PROBLEM TO SOLVE => Repeat the listing that follows character for character, omitting images.

PROVIDED DATA =>
────────────────────────────────────────

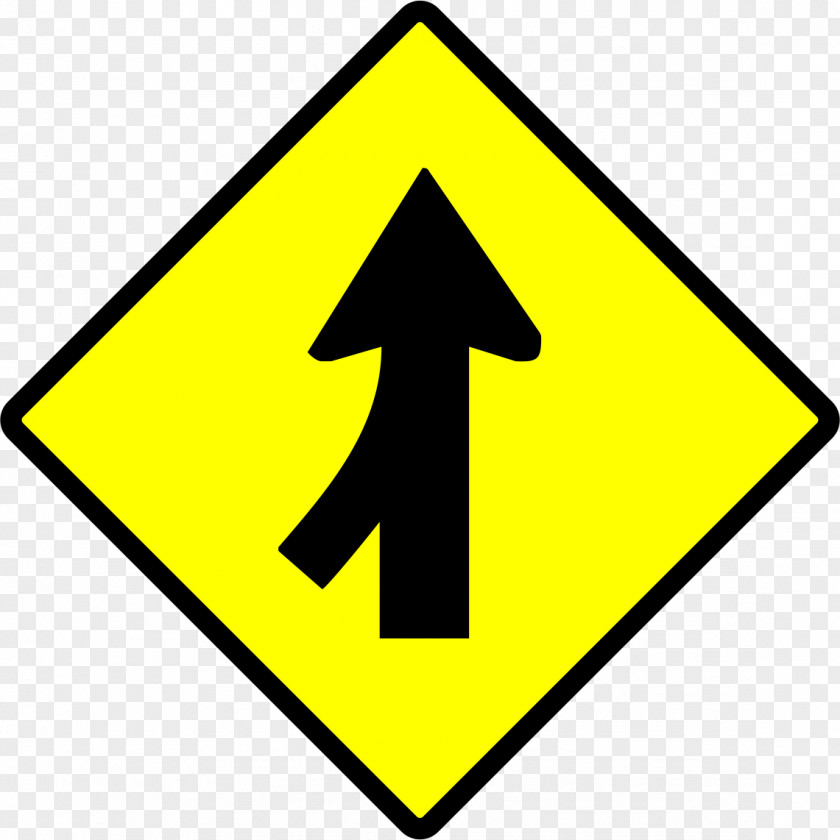 Road Sign Traffic Merge Warning Lane PNG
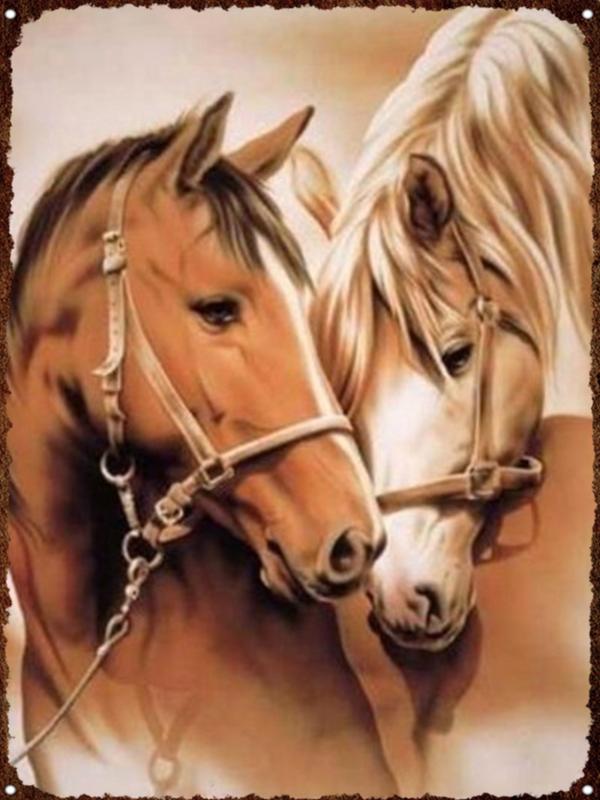 Running Horse Tin Sign Plaque Metal Vintage Wild Animal Shabby Chic Home Decoration Poster Restaurant Plate Iron Paintings Sign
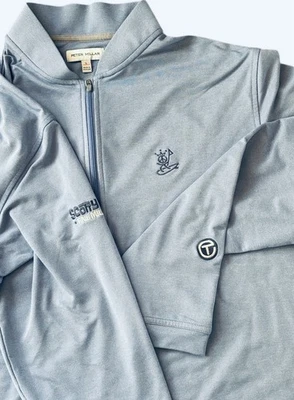 SCOTTY CAMERON GALLERY Circle T 1/4 拉链套衫和平冲浪者蓝色 L 码高尔夫 — 第 1/3 张图片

────────────────────────────────────────

RESPONSE TO THE TASK =>
 Road Sign Traffic Merge Warning Lane PNG
 Running Horse Tin Sign Plaque Metal Vintage Wild Animal Shabby Chic Home Decoration Poster Restaurant Plate Iron Paintings Sign
 SCOTTY CAMERON GALLERY Circle T 1/4 拉链套衫和平冲浪者蓝色 L 码高尔夫 — 第 1/3 张图片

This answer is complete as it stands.